Sorry, but who is VIL? As to underconsumption, I'm not 100ure how this
is meant. Luxemburg didn't use the term as far as I recall.

>Let me clarify one thing: the schema of expaned reproduction do not
>prove that expanded reproduction is possible in a closed, two-class
>capitalist society. Nor do they disprove the contention that it is
>impossible. They rather disprove the *underconsumptionist argument* for
>impossibility -- i.e., the argument that the growth rate of Dept. I
>cannot "ultimately" outstrip the growth rate of Dept. II, because all
>production, even under capitalism, is "ultimately" production for
>consumption, not production for the sake of production. [BTW, this
>perspective makes the class antagonism a matter of distribution of net
>output, rather than also and mostly of the domination of workers by the
>products of their own hands.]

>*Alternative* arguments against the implications of the reproduction
>schema, such as those you advance in your paper (which I was able to read
>the other day) must therefore be considered on their own terms. The
>refutation of the underconsumptionist argument does not constitute a
>refutation of them.

ditto, I think. In any case, I'm not sure if you discussing Luxemburg and
I prefer to move to your next point.

>(6) I had some trouble understanding your paper. I never understood
>what you think is the definitional problem, or how that relates the the
>rest (middle) of the paper. More important, I think, are your criticisms

Perhaps I could clarify by saying that the problem is the LACK of
definition of "accumulation of capital" in Marx (unlike many other
concepts he introduced for the first time). I would invite readers to
watch Marxists using "accumulation of capital"; it is not difficult to
recognize that it is being using very frequently as a catch-all phrase
(which gives an illusion of Marxist scientific thinking, but rarely more
than an illusion). I have been doing this mental exercise for about
twenty-five years, and finally concluded it was time to take a stand.

>of the implications of Marx's reproduction schema.

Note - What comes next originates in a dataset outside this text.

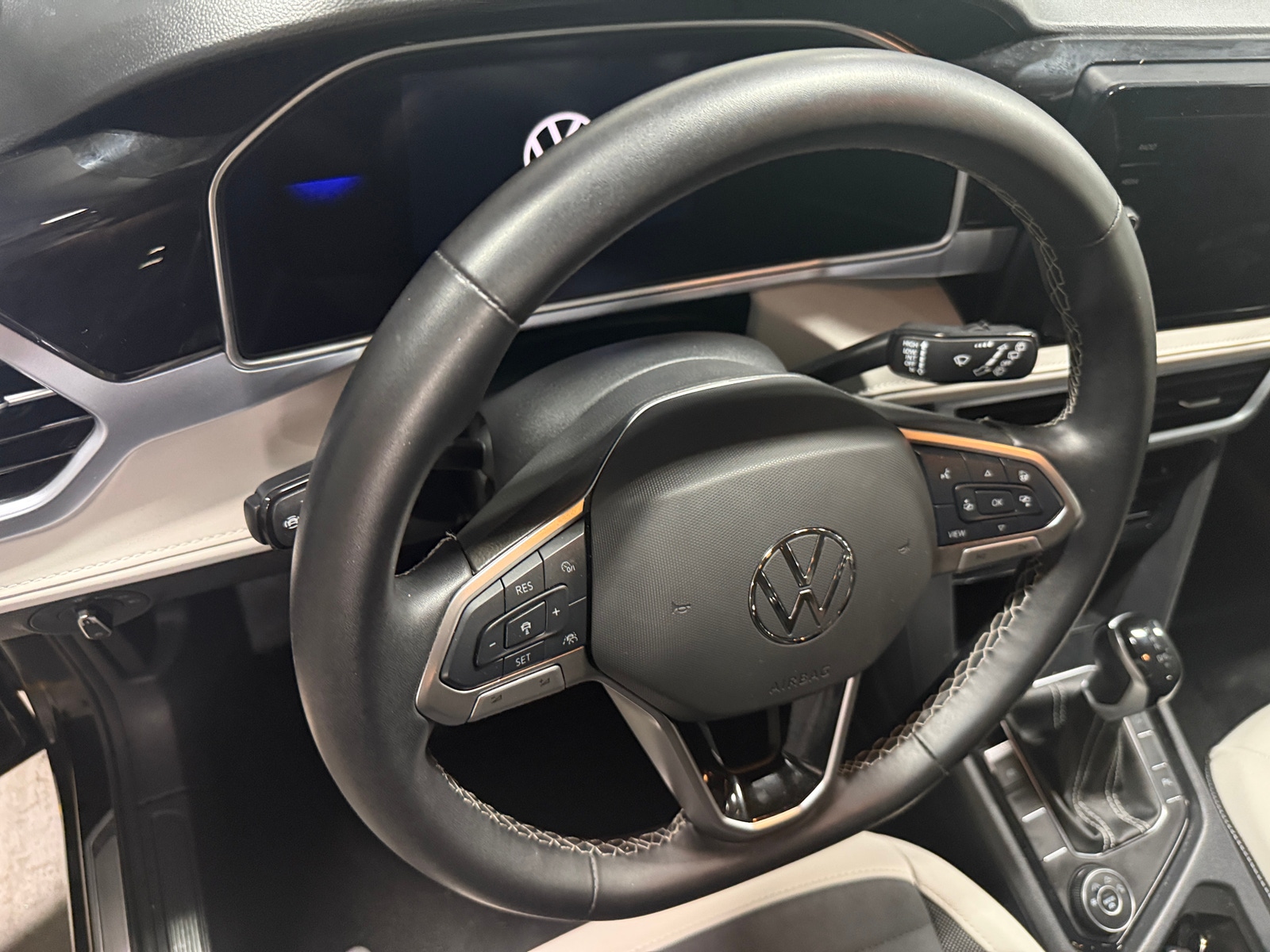 Thumbnail: 2025 Volkswagen Taos - 4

If I understood you
>correctly -- and I'm far from certain about that -- you have three
>criticisms.

>The first is that the schema imply that expanded reproduction requires
>that means of production that would have been used in Dept. II are
>diverted to Dept. I, but (you seem to argue; unfortunately I don't have
>the paper here with me) means of production are not in fact physically
>homogeneous, and thus the change in their destination isn't possible. Or
>perhaps the point is that the change in their destination may not be able
>to occur without disruption (disproportionality crisis). I agree with
>the latter, but not the former. Put differently, this is not a
>*long-run* barrier to expanded reproduction.

I'm not sure where you are referring in the paper, but if you are
referring to the objection to Bauer's "transferring" units of value
between departments, the issue is deeper and goes to the very issue of
what it means to be writing down a sector. If you are referring to
another part, please let me know which.

>I'm a bit surprised that you didn't cite Marx in regard to this. In
>section I. (b) of Ch. 21 (Vol. II), end of first para., he writes

>"to make the transition from simple reproduction to expanded
>reproduction, production in department I must be in a position to produce
>fewer elements of constant capital for department II, but all the more
>for department I. This transition, which can never be achieved without
>difficulty, is made easier by the fact that a number of the products of
>department I can serve as means of production in both departments."

If I recall, Dunayevskaya also cites this passage and so I should be
getting to it soon.

>In any case, I'm very glad you're dealing with this issue. Almost all of
>the literature (not RL, though, or RD) deals with the schema of simple
>and expanded reproduction as two distinct models of *balanced* growth.
>Then they debate whether the schema show that balanced growth takes place
>(or can take place) or whether the schema highlight obstacles to balanced
>growth. But I have long been of the opinion that Marx was doing a
>*comparative* exercise, analysizing the "transition from simple
>reproduction to expanded reproduction," or, in other words, the process
>of unbalanced growth, the expansion of Dept. I *relative to* Dept. II.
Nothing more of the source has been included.